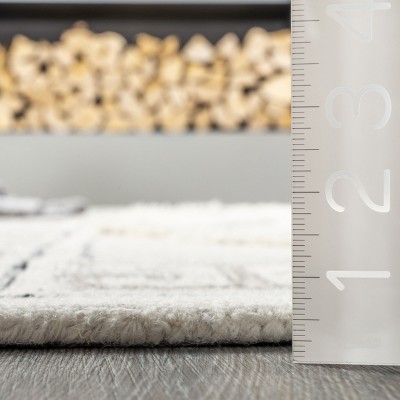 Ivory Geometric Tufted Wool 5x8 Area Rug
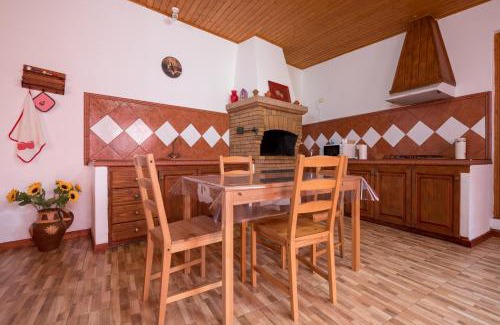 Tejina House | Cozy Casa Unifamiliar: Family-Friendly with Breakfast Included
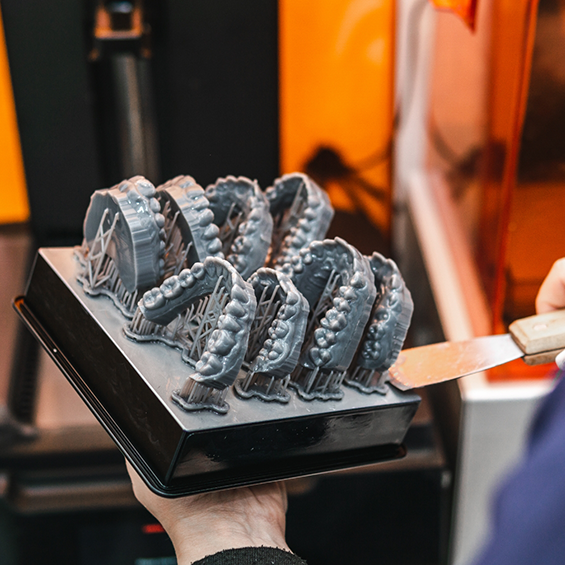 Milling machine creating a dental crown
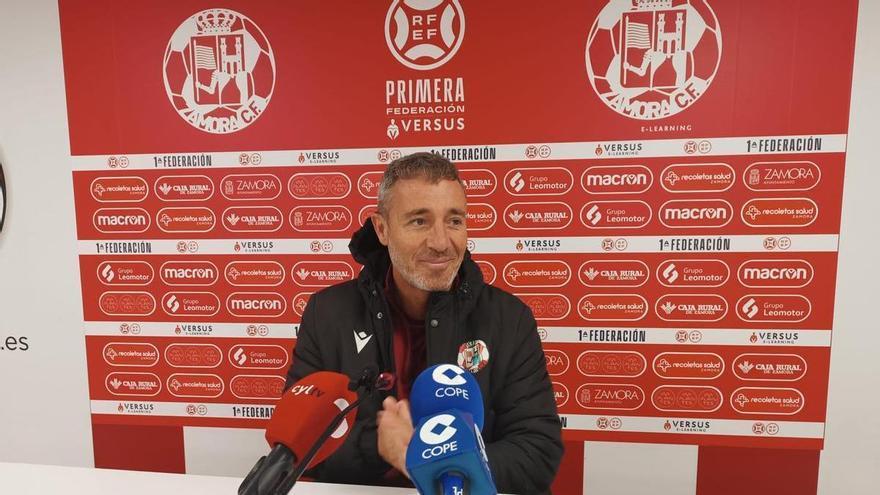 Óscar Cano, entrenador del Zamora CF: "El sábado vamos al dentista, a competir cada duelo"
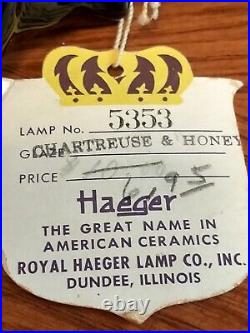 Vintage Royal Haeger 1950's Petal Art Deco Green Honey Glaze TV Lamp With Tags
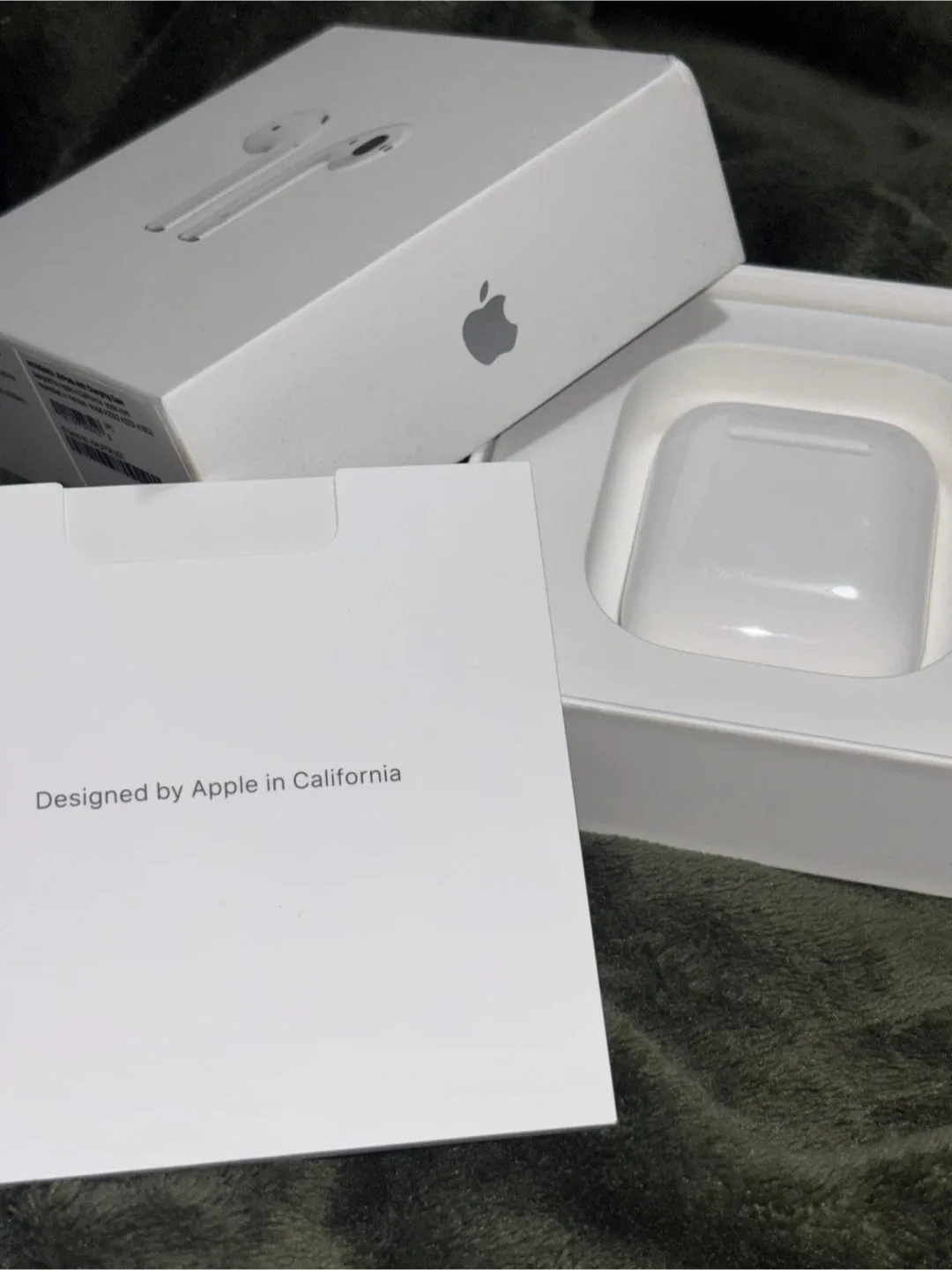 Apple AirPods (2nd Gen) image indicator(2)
########
Task to complete
Only the lines from the line with "Tejina House |" through the end of the records belong in your copy. Repeat them exactly, without pictures.

Solution to the problem
 Tejina House | Cozy Casa Unifamiliar: Family-Friendly with Breakfast Included
 Milling machine creating a dental crown
 Óscar Cano, entrenador del Zamora CF: "El sábado vamos al dentista, a competir cada duelo"
 Vintage Royal Haeger 1950's Petal Art Deco Green Honey Glaze TV Lamp With Tags
 Apple AirPods (2nd Gen) image indicator(2)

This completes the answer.